Figure 1: Media sites assessed in Germany (in alphabetical order)
Figure 2: Risk Ratings for German Media Sites
Thirty percent of our sample—including some of Germany’s most followed news sites—are also those with the lowest levels of disinformation risk. This notable group of sites have a very limited number of disinformation flags across the three pillars.
While these strengths are commendable, a majority of German media sites generally lack many of the recommended operational checks and balances, and are shown to have mixed levels of brand trust by their online users.
Strengthening operational and editorial policies could help mitigate the risk of disinformation and increase brand trust.
For example, the majority of domains do not state that their newsrooms are independent from their publishers.
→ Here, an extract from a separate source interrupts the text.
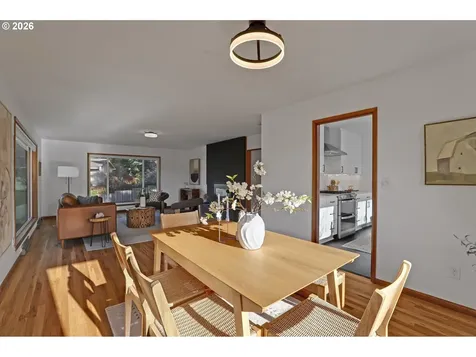 3360 SW Hamilton Street Portland OR 97239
Unfortunately, the German Press Code does not require its members to follow such a policy. In contrast to publicly-funded media sites in Germany, privately-owned media outlets in our sample do not always publish information on who owns or funds them.
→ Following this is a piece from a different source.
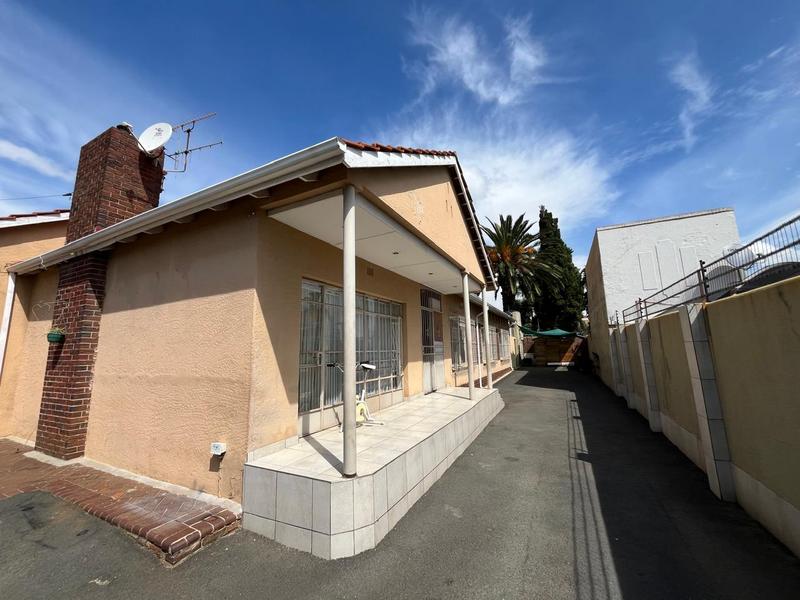 7 Bedroom Property for Sale in Fairwood Gauteng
Policies of this kind have been agreed by journalists as part of the Journalism Trust Initiative standard, a universal framework created by media and journalists for their industry.
Figure 3: Average Pillar Score, by Risk Rating
There are only two maximum-risk sites in our German sample. These two sites generally demonstrate multiple risk flags for all of the three pillars. They tend to use their stories to negatively target specific groups and/or individuals, and have very low levels of brand trust by online users.
The report is the first of its kind done on the German media market. It applies the GDI methodology for assessing disinformation risk in three areas: the reliability of the site’s content, the site’s operational checks and balances, and how informed online readers perceive the overall context of the sites. The assessment was conducted between February and June 2020. Only the top performing sites are named in the report.
The overall market risk score across the three pillars for Germany is 59 (see Figure 3). Germany is one of 10 countries which will be assessed in 2020 using this methodology.
The report’s findings serve as a road map to address the risk areas that were found. Suggested measures include:
- Improve the implementation of country-specific journalistic and operational standards recommended by the German Press Code, and expand upon these recommendations by adopting and aligning with the standards set by the Journalism Trust Initiative.
- Ensure that sites consistently publish statements of editorial independence, ownership and funding sources which are easily findable for online users (for instance by adding such information to the ‘Impressum’ page).
- Emphasise the need to publish policies on algorithmically and synthetically generated content as it becomes more widely adopted in German newsrooms.
- Highlight article authorship clearly and consistently by adding bylines and providing background information on authors on individual profile pages.
- Improve and make more visible a site’s correction practices by publishing policies on error corrections and submitting correction requests, in accordance with recommendations by the German Press Council.
GDI looks forward to working with news sites and media bodies in Germany to advance these policies and other actions that will create a bulwark against disinformation risks.